- Task instructions -
Only the lines from the one containing "DEWALT D25301D Rotary" to the end of the material are to be copied, exactly and in full; images stay out.

Dataset section section start

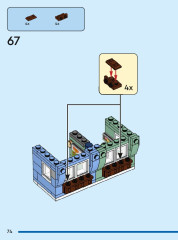 LEGO 40684 instructions page 74 – build guide
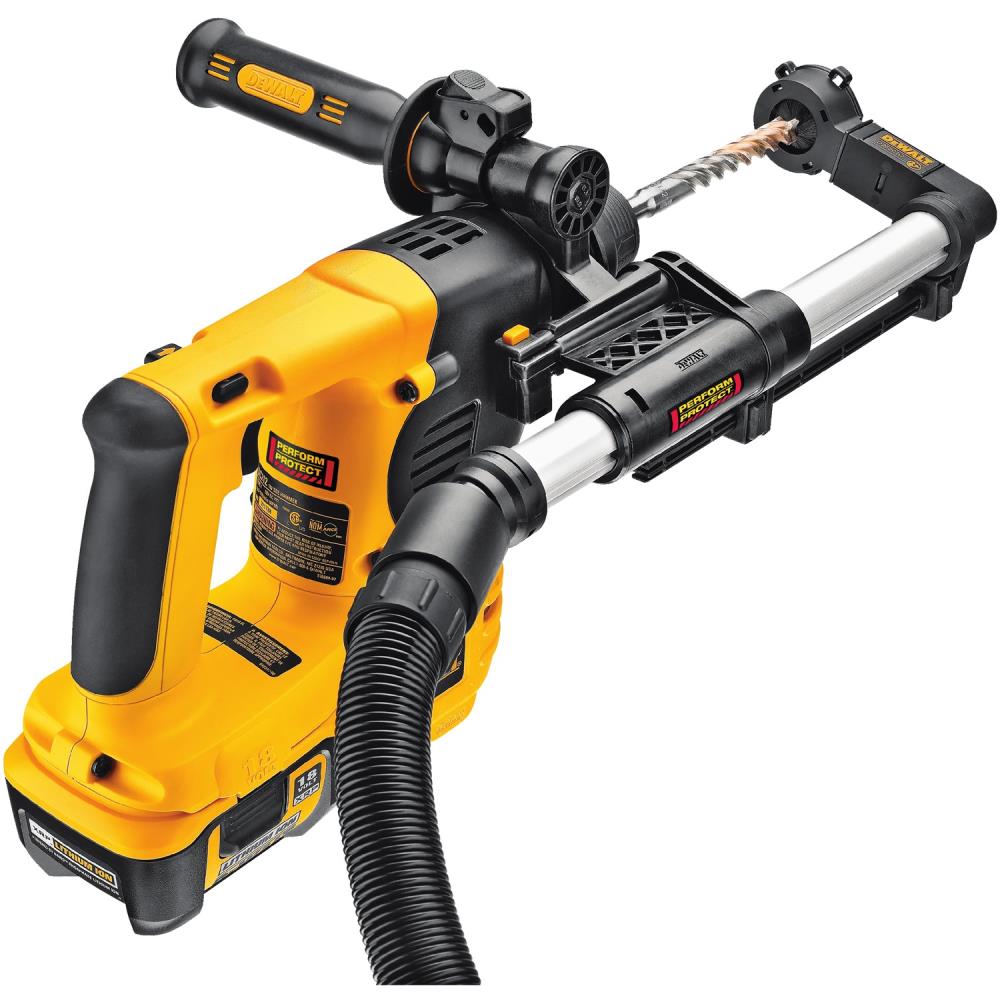 DEWALT D25301D Rotary Hammer Dust Extractor Telescope with Hose
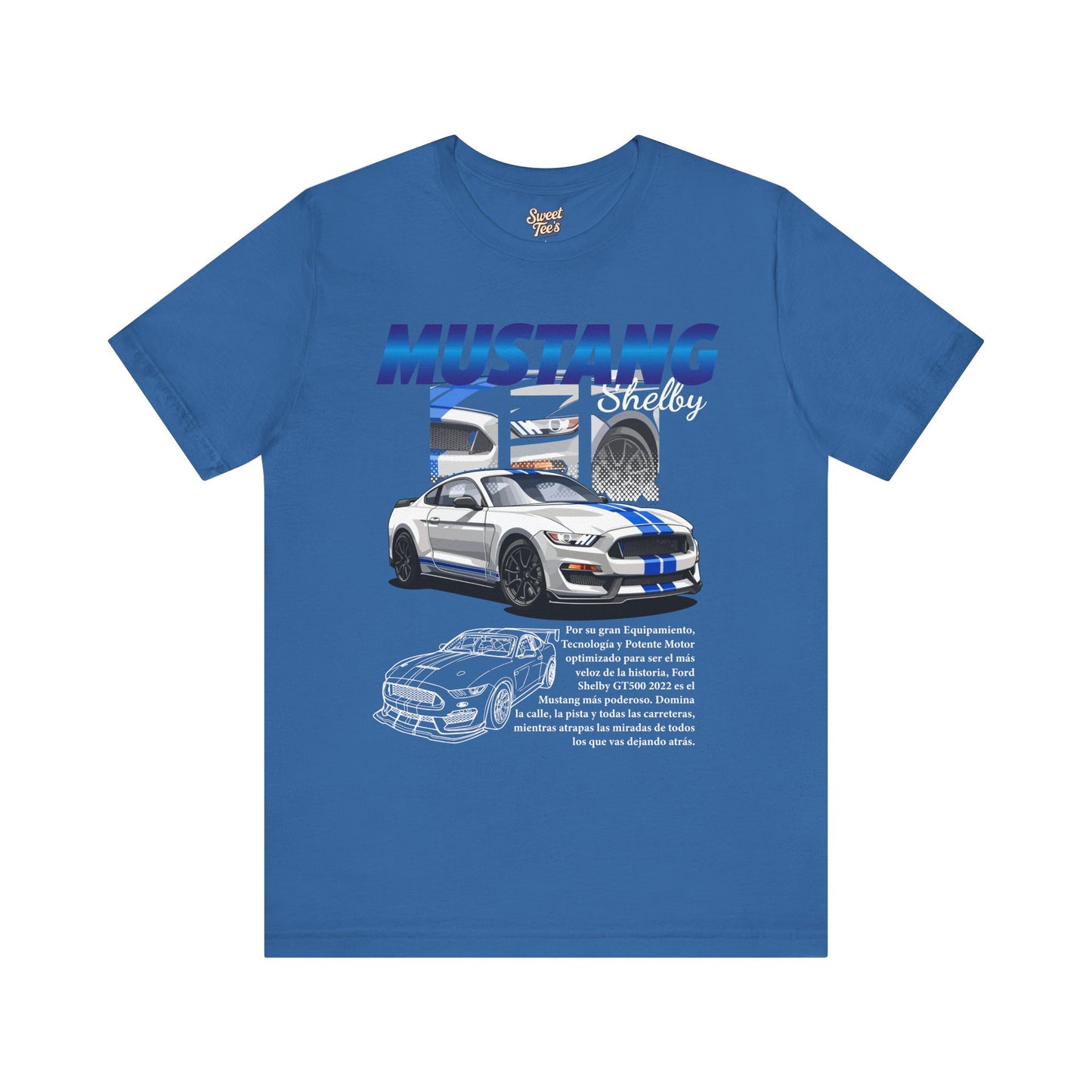 Mustang Graphic Tee for Car Enthusiasts | Unisex Jersey Short Sleeve Shirt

Dataset section section end

- Task answer -
 DEWALT D25301D Rotary Hammer Dust Extractor Telescope with Hose
 Mustang Graphic Tee for Car Enthusiasts | Unisex Jersey Short Sleeve Shirt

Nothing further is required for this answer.